▶ _TASK OBJECTIVE_
Only the pictures are to be left out; please reproduce everything else in the data exactly.
------ THE DATA ------
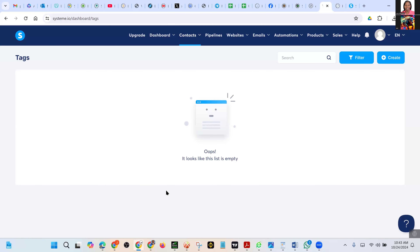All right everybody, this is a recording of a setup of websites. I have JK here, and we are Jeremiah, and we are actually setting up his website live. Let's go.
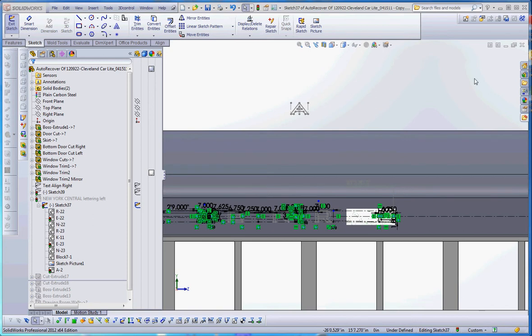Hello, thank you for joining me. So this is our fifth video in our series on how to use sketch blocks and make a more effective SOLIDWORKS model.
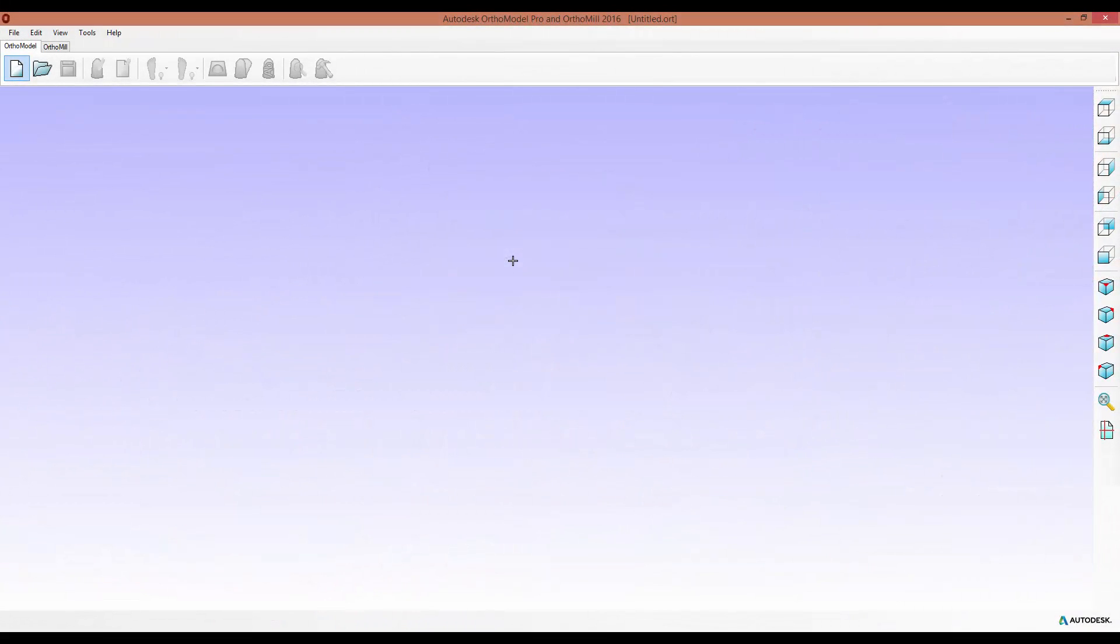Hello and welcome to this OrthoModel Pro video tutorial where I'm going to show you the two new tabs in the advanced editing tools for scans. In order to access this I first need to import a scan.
------
▶ _FINAL ANSWER_
All right everybody, this is a recording of a setup of websites. I have JK here, and we are Jeremiah, and we are actually setting up his website live. Let's go.
Hello, thank you for joining me. So this is our fifth video in our series on how to use sketch blocks and make a more effective SOLIDWORKS model.
Hello and welcome to this OrthoModel Pro video tutorial where I'm going to show you the two new tabs in the advanced editing tools for scans. In order to access this I first need to import a scan.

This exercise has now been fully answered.